In her day the peasants did not count as human beings; they were considered either as food for cannon or the mine that produced the gold of the upper classes. When the "people" were spoken of it was the _bourgeoisie_, the Third Estate, that was meant. The distance between this class and the throne was so bridgeless that only a revolution, one hundred and fifty years in the building, could span it. But across even this vast space the fascination of Madame penetrated. In the sublime _oraison funèbre_ that the great Bossuet pronounced over her dead body, he merely stated the simple truth when he declared that the people of Paris shuddered when, like a clap of thunder, there resounded over the city the appalling news, "_Madame se meurt! Madame est morte!_"
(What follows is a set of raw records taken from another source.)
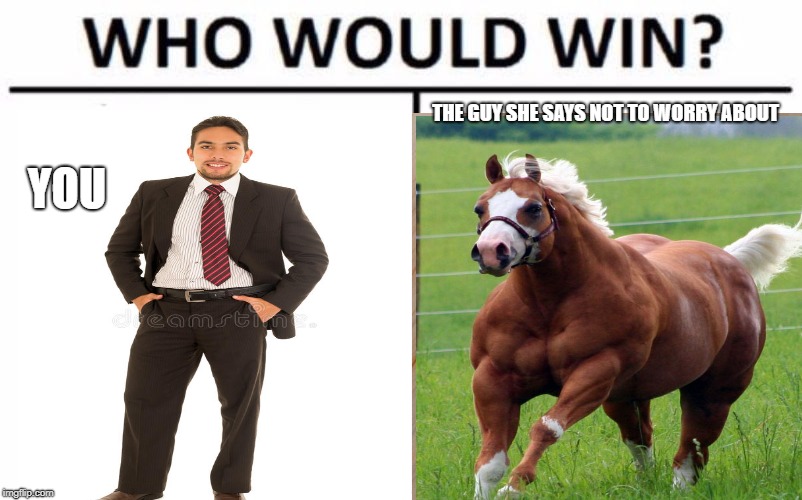 You vs. The horse | THE GUY SHE SAYS NOT TO WORRY ABOUT; YOU | image tagged in who would win,memes,you vs the guy she tells you not to worry about,horse,beastiality,horses | made w/ Imgflip meme maker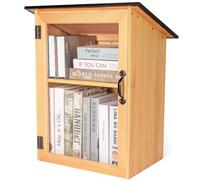 Bibliothèque - Boîte à livres d'extérieur - Double boîte d'échange de littérature gratuite - Petite armoire en bois avec étagère - Pour bricolage, quartier, communauté et écoles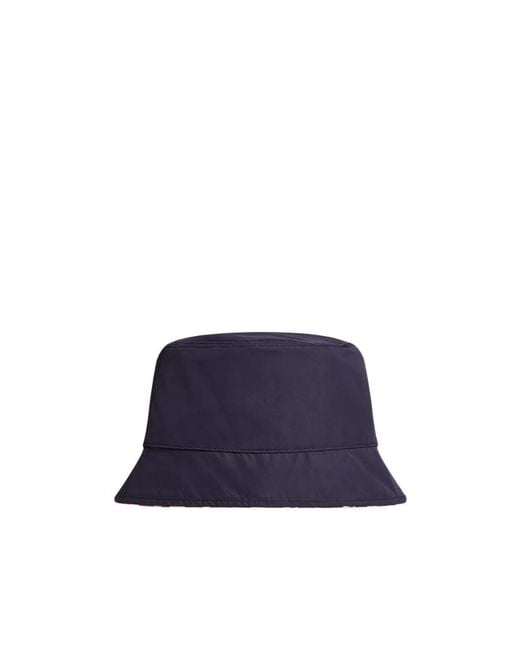 Moncler Blue Logo Patch Reversible Bucket Hat for men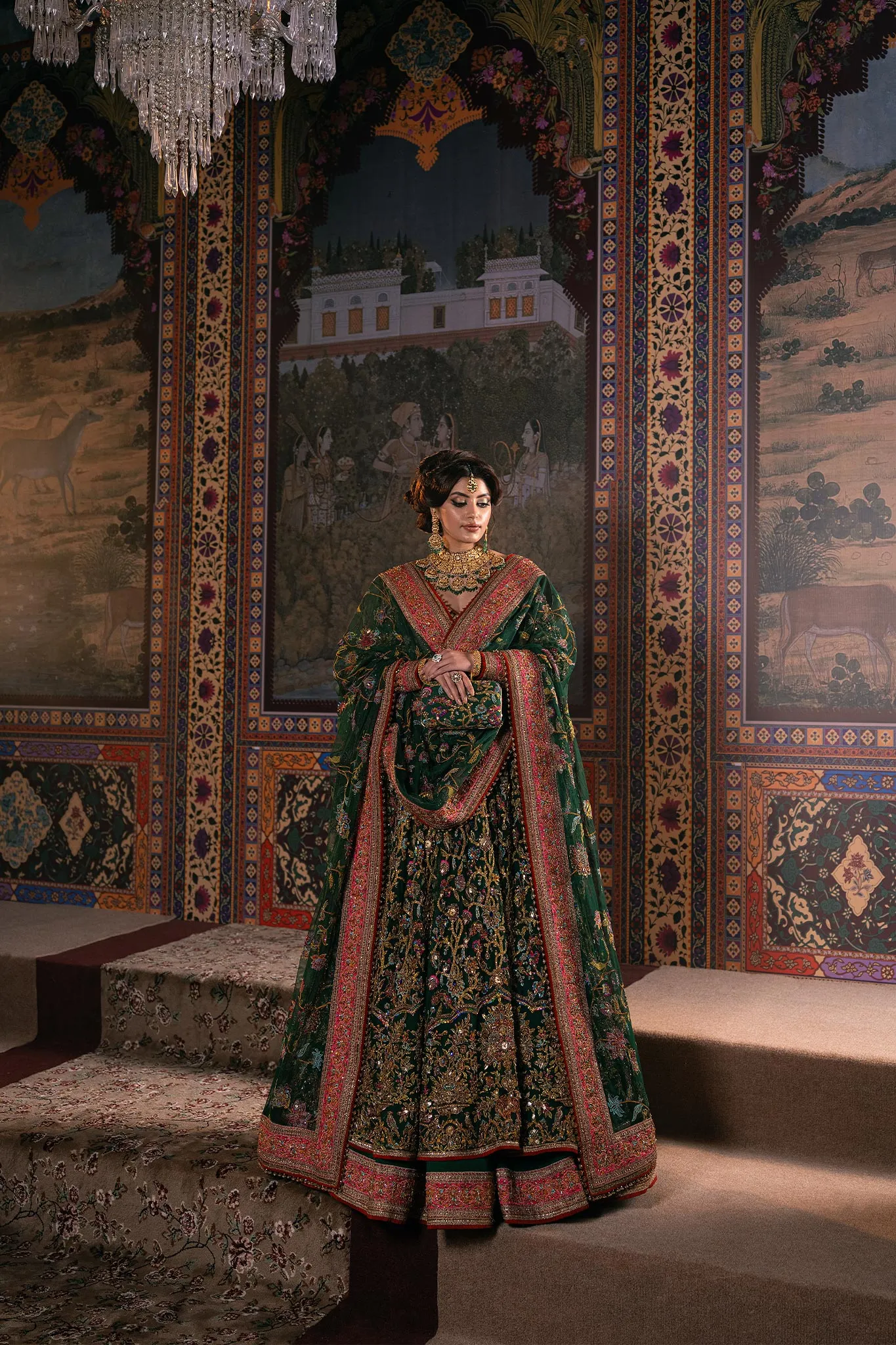 Green Pakistani Mehndi Dress in Pishwas Frock Style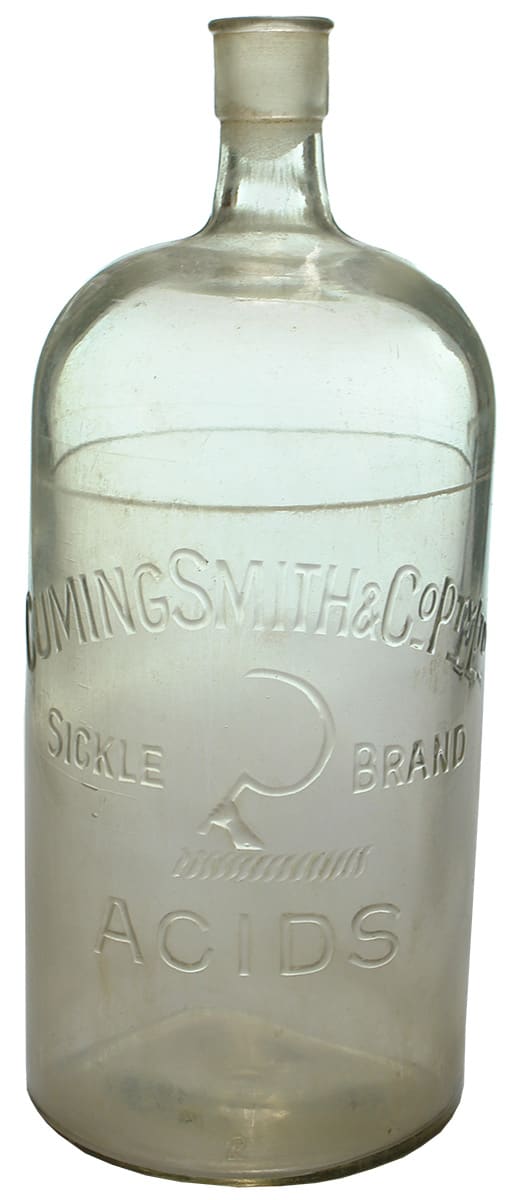 Cuming Smith Sickle Brand Acids Clear Glass Demijohn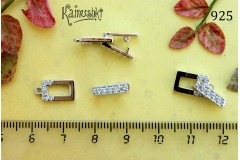 Застежка двухкомпонентная серебристая с фианитами № 925, 1 шт Застежка двухкомпонентная серебристая с фианитами № 925, 1 шт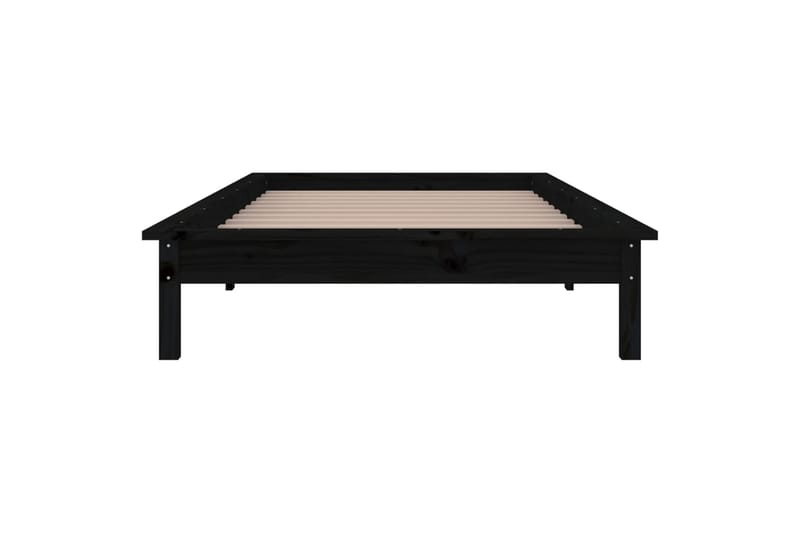 beBasic Sängynrunko LED-valoilla musta 100x200 cm täysi puu - Musta - Huonekalut - Sänky - Sänkykehikot & sängynrungot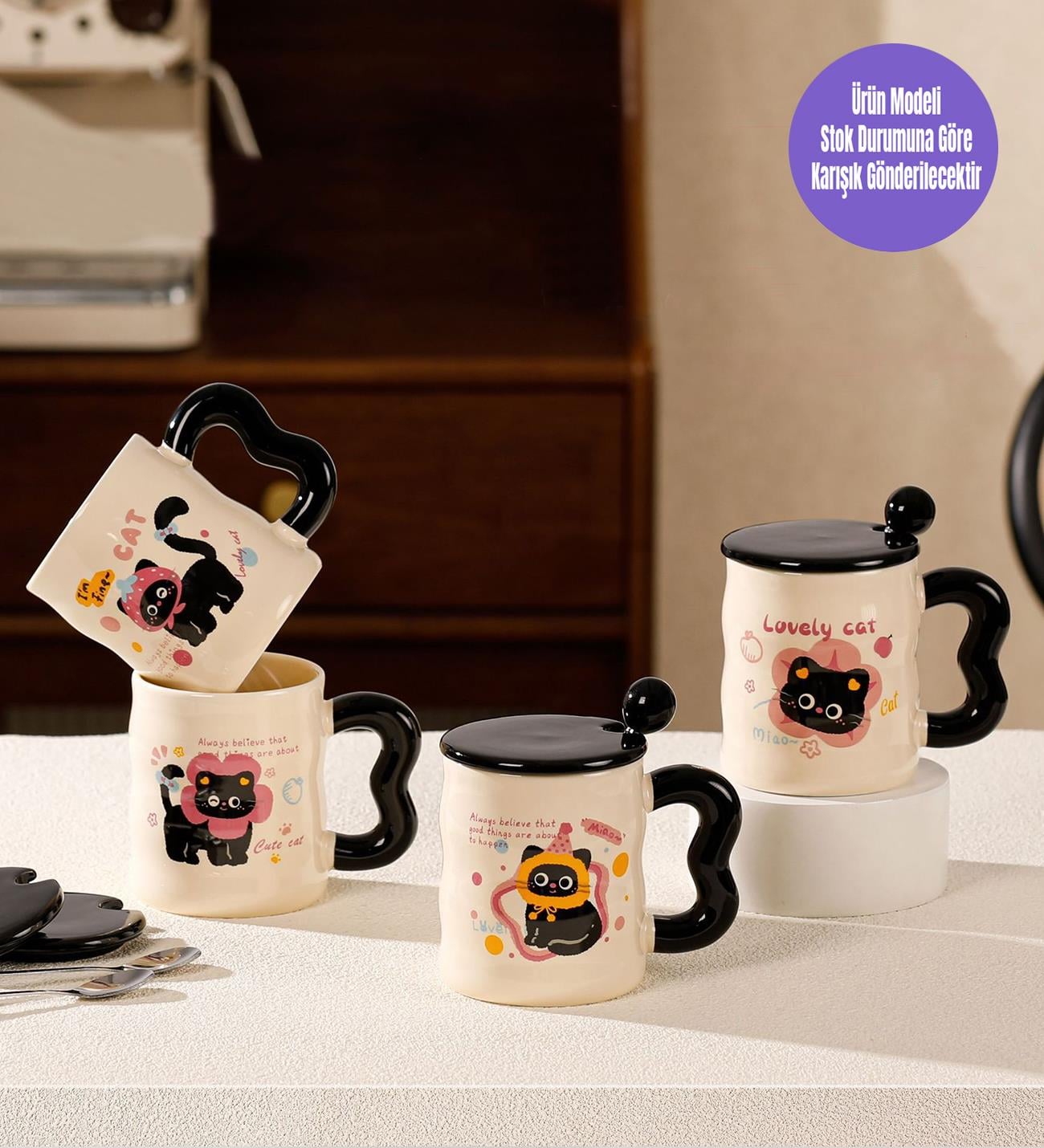 Kara Kedi Temalı Seramik KupagiftmodaBM-1986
That smile, "which seemed to ask for one's heart," had captured that of Paris as it had that of London.

Stories of her enthusiastic appreciation of genius were related everywhere, but none touched the people like those which showed her in the act of levelling the barriers between the idols of the masses and the heroes of the Court. Everybody knew that she wept over Racine. Everybody had heard how Boileau had been drawn from his obscurity by a quotation from his unknown poem with which she had greeted him, when passing by chance through an ante-room in which the poor poet was waiting to solicit the patronage of some great lord. Everybody remembered that she had stood sponsor to the child of Molière, and had "Tartuffe" acted in her own house before the King while the Church was condemning the play and demanding that the author should be burnt alive. In a country like France such things strike the imagination. With the "people" Madame could not but be popular.

At the same time she became "toute la joie, tout le plaisir de la cour." If the long reign of Louis XIV. had a gorgeous summer in Athenaïs de Montespan, and a bleak winter in Madame de Maintenon, brightened for a brief moment by the sunshine of the lovely Duchess of Burgundy, it had a joyous spring in Henrietta of England. This Golden Age of France, as it has been termed, was never so happy as when Madame infected Fontainebleau and Versailles with her gaiety.